(Work to be completed) Everything in the listing below should be repeated exactly, apart from the pictures.

(Exercise materials)
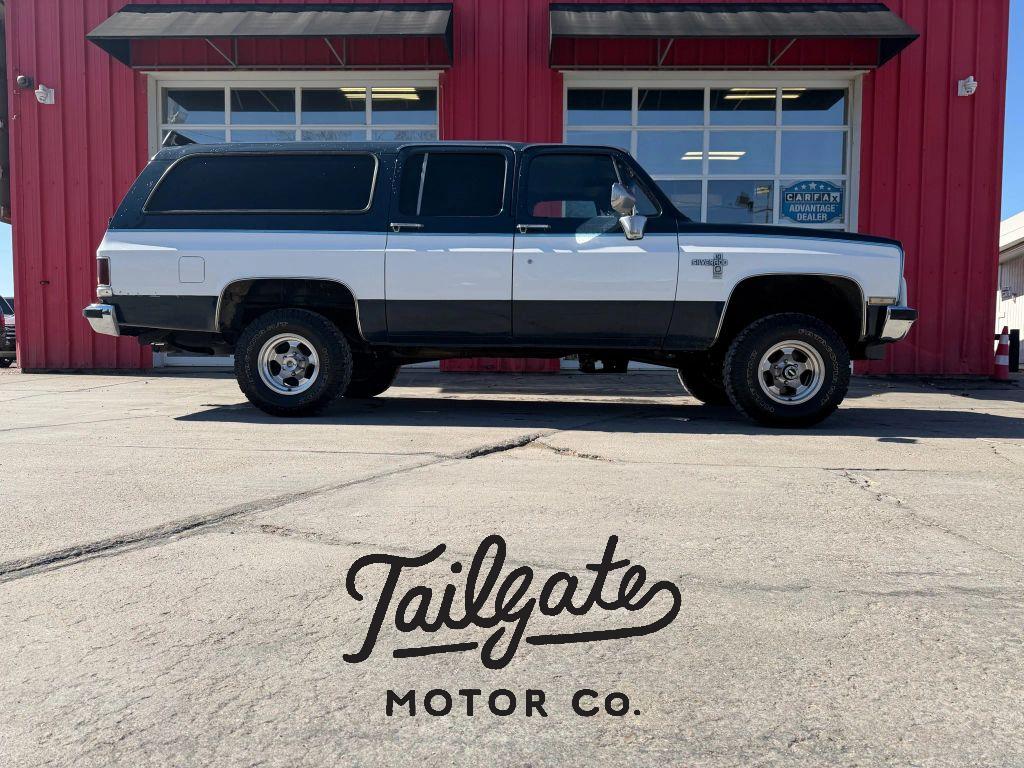 1985 Chevrolet Suburban's photo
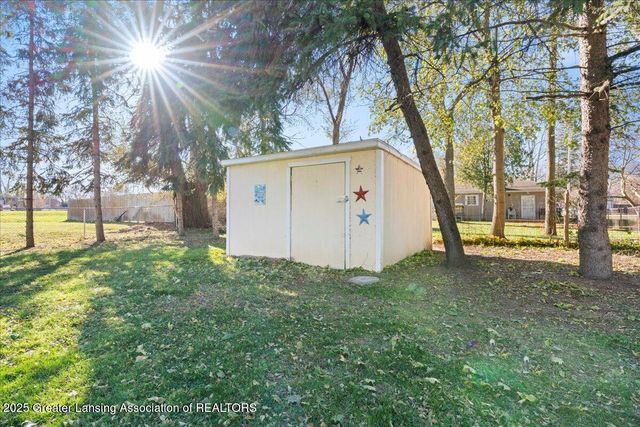 6030 Piper Avenue, Lansing, MI 48911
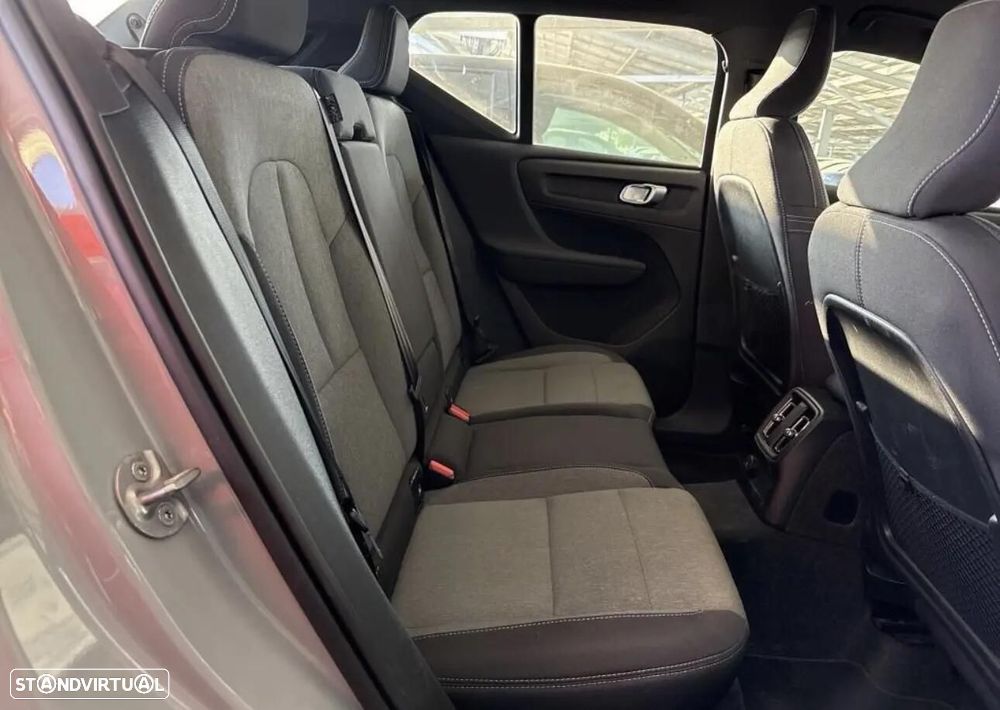 Volvo XC 40 1.5 T4 PHEV Plus Bright - 2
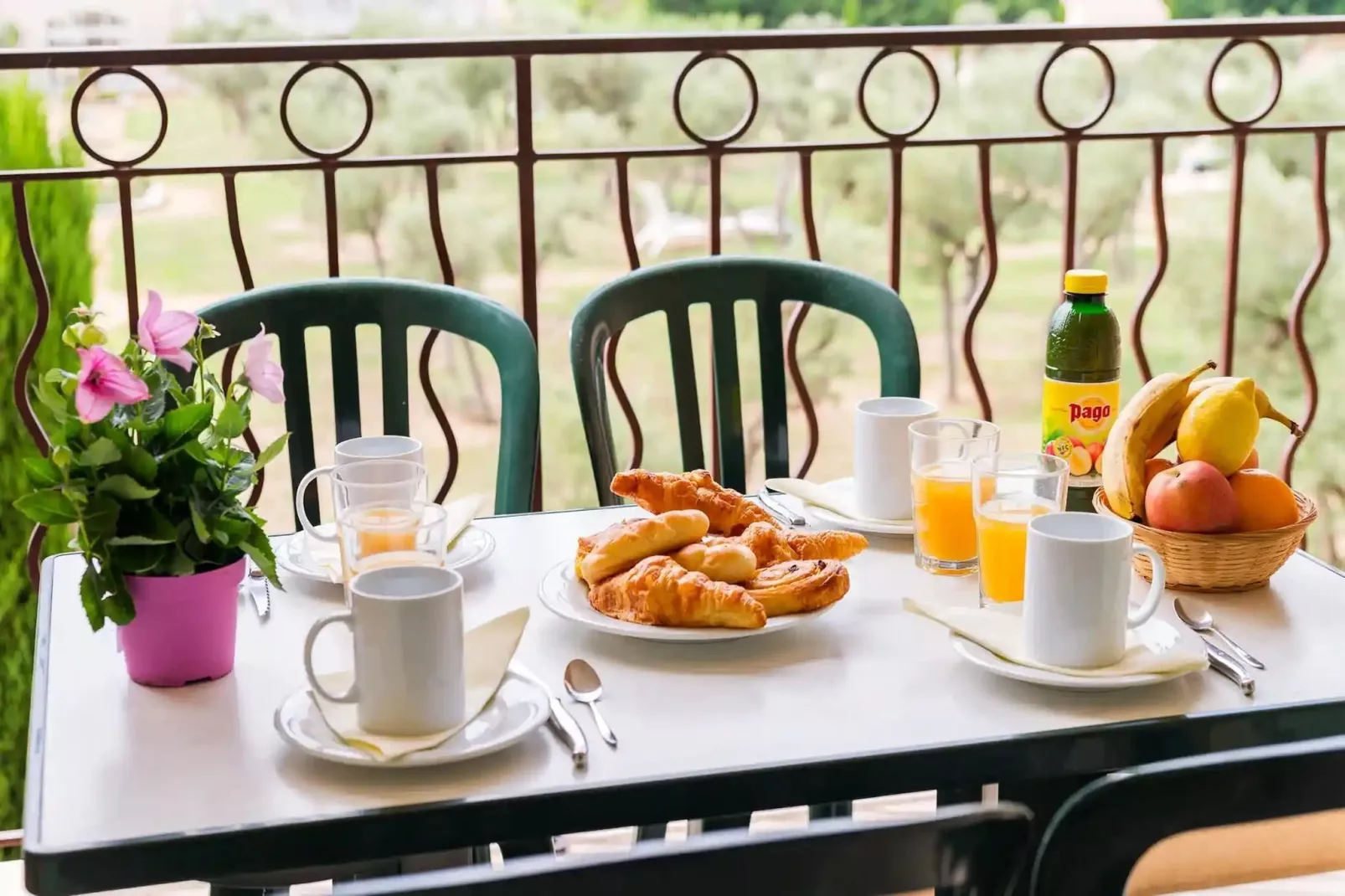 Le Domaine De Bourgeac 2/3 Rooms Duplex 6 pax OTA - Terrasbalkon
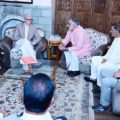 وزیر اعلیٰ عمر عبداللہ کی ’رابطہ‘ میںعوامی نمائندوں اور شراکت داروں کے ساتھ ملاقات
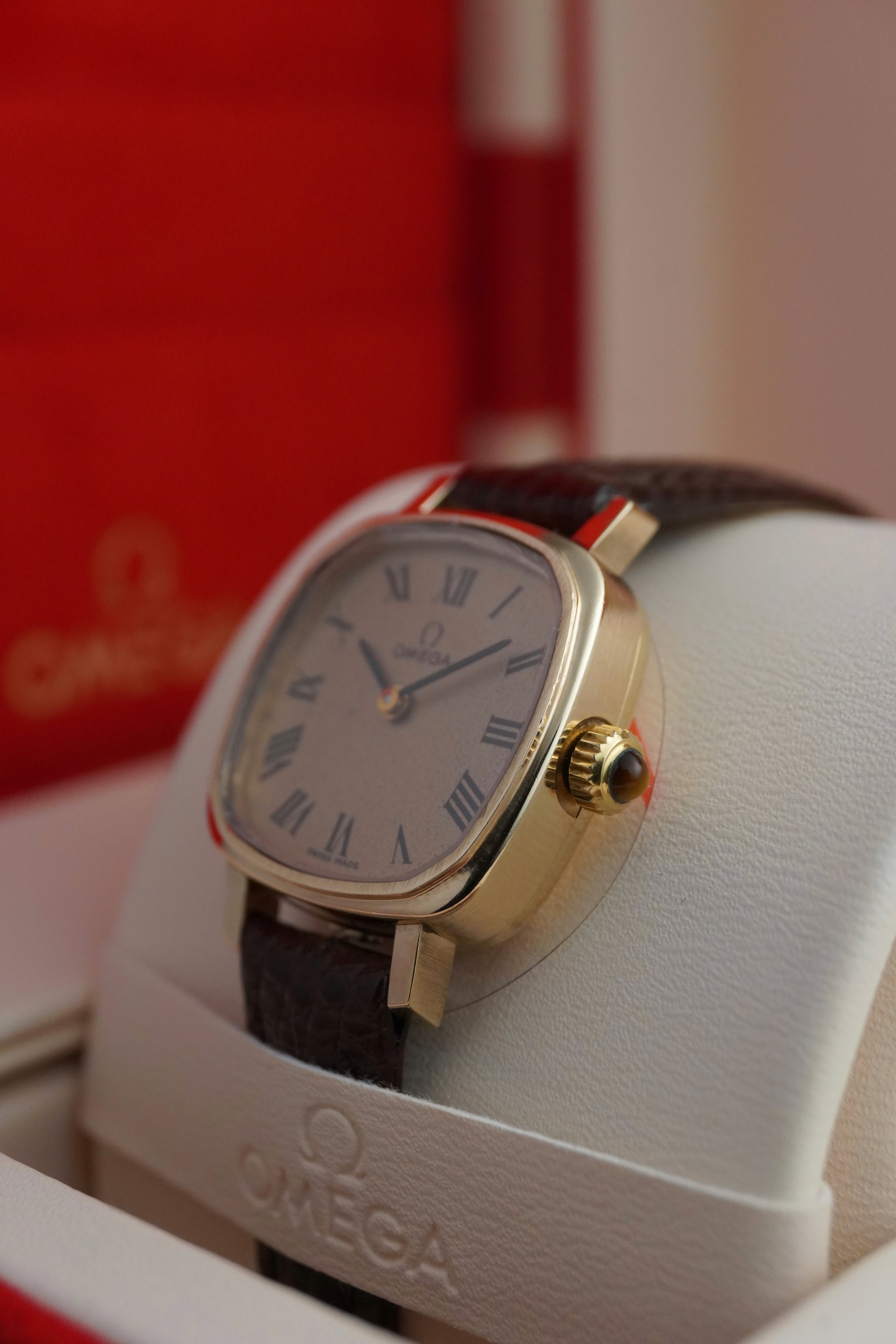 Vintage Ladies Omega Solid 9ct Gold Mechanical Watch – Roman Dial – Ref. 51155940 Rare Tigers Eye Cabochon Crown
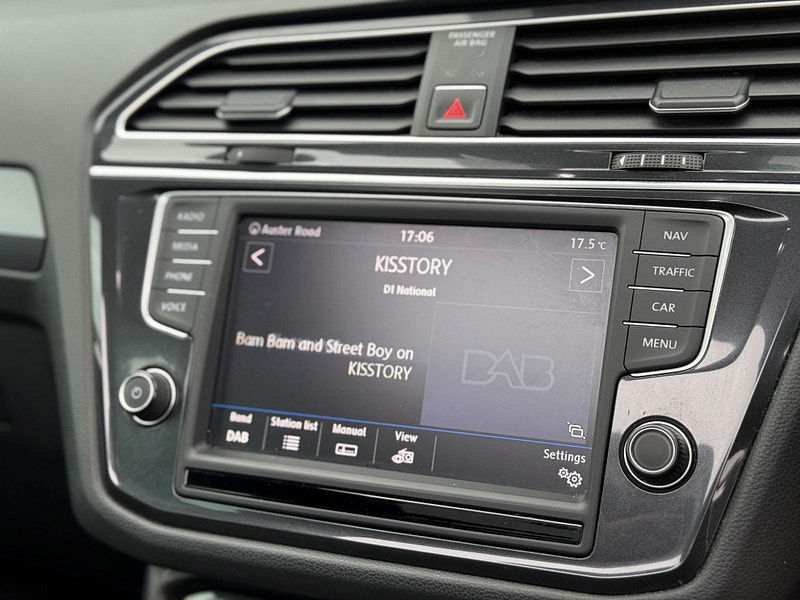 Volkswagen Tiguan 2.0 TDI BlueMotion Tech R-Line DSG Euro 6 (s/s) 5dr 5dr Automatic 2025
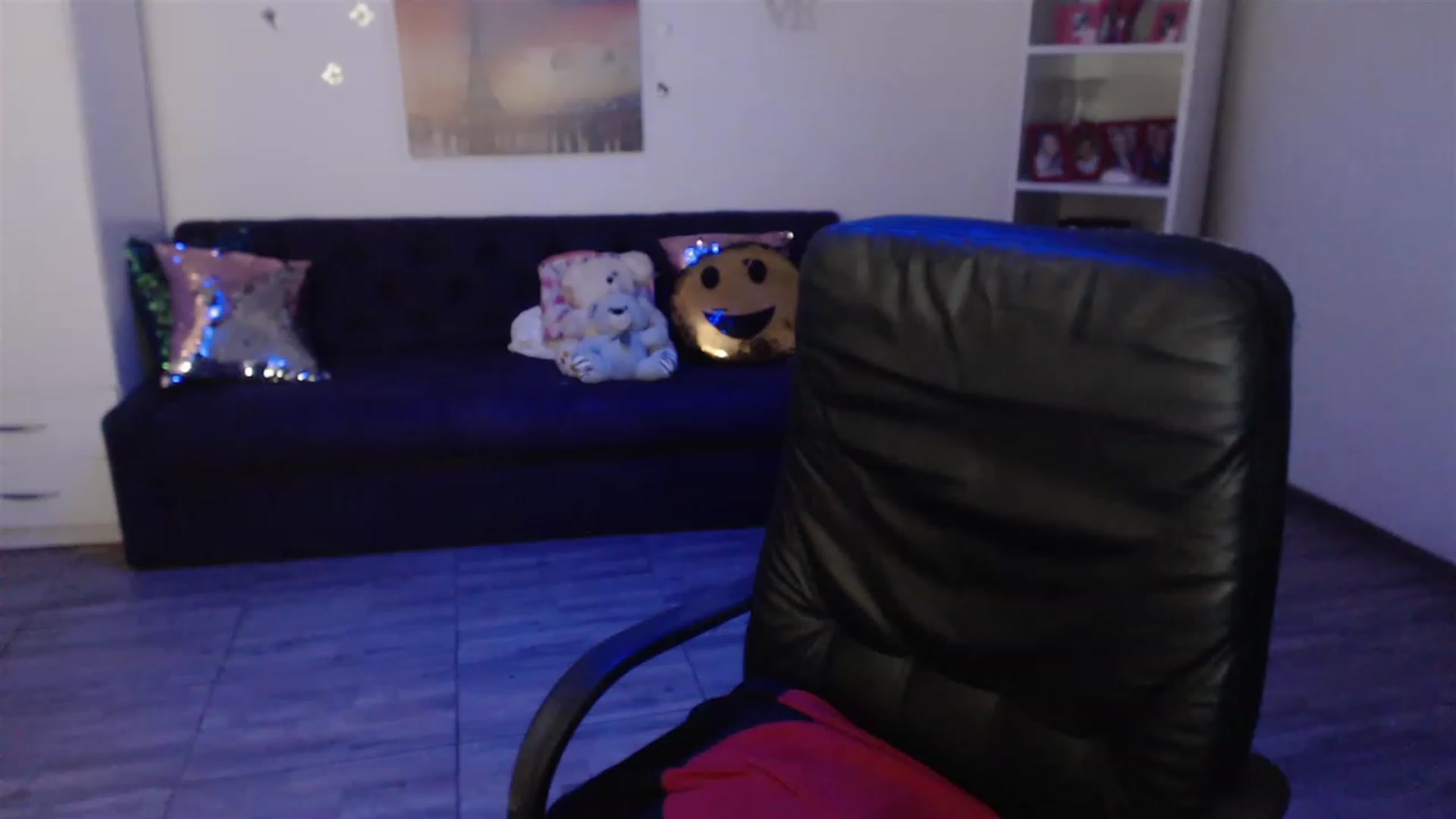 Gallery image thumbnail from A_baby_Boo's myfreecams stream on, 06/28/2023, 21:39 image 14 of 20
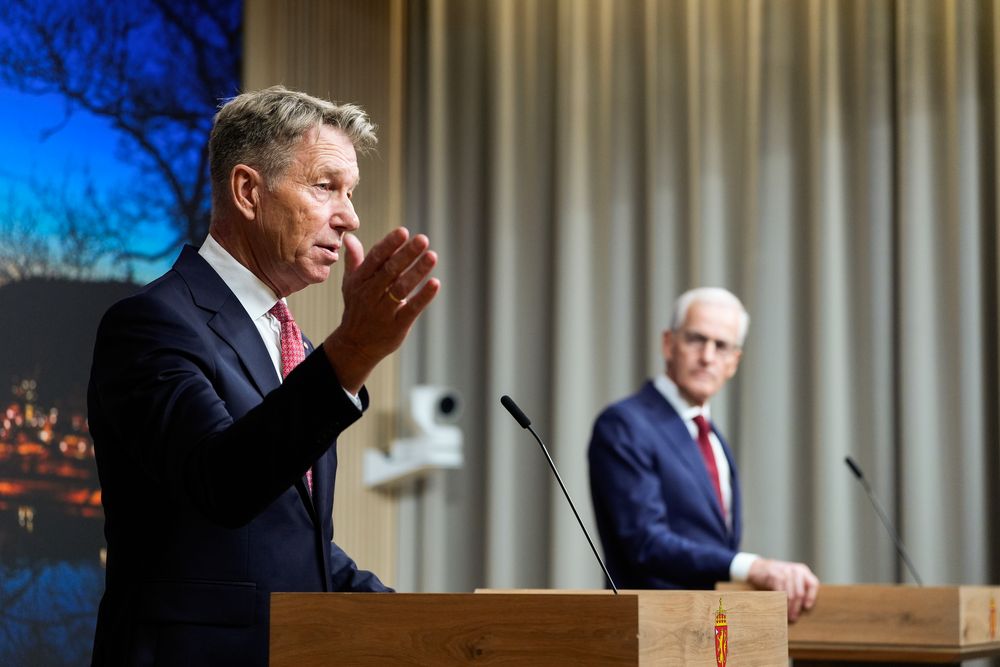 Regjeringen og energiminister Terje Aasland kommer med pengedryss til norske kommuner.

(Solution for this exercise)
 1985 Chevrolet Suburban's photo
 6030 Piper Avenue, Lansing, MI 48911
 Volvo XC 40 1.5 T4 PHEV Plus Bright - 2
 Le Domaine De Bourgeac 2/3 Rooms Duplex 6 pax OTA - Terrasbalkon
 وزیر اعلیٰ عمر عبداللہ کی ’رابطہ‘ میںعوامی نمائندوں اور شراکت داروں کے ساتھ ملاقات
 Vintage Ladies Omega Solid 9ct Gold Mechanical Watch – Roman Dial – Ref. 51155940 Rare Tigers Eye Cabochon Crown
 Volkswagen Tiguan 2.0 TDI BlueMotion Tech R-Line DSG Euro 6 (s/s) 5dr 5dr Automatic 2025
 Gallery image thumbnail from A_baby_Boo's myfreecams stream on, 06/28/2023, 21:39 image 14 of 20
 Regjeringen og energiminister Terje Aasland kommer med pengedryss til norske kommuner.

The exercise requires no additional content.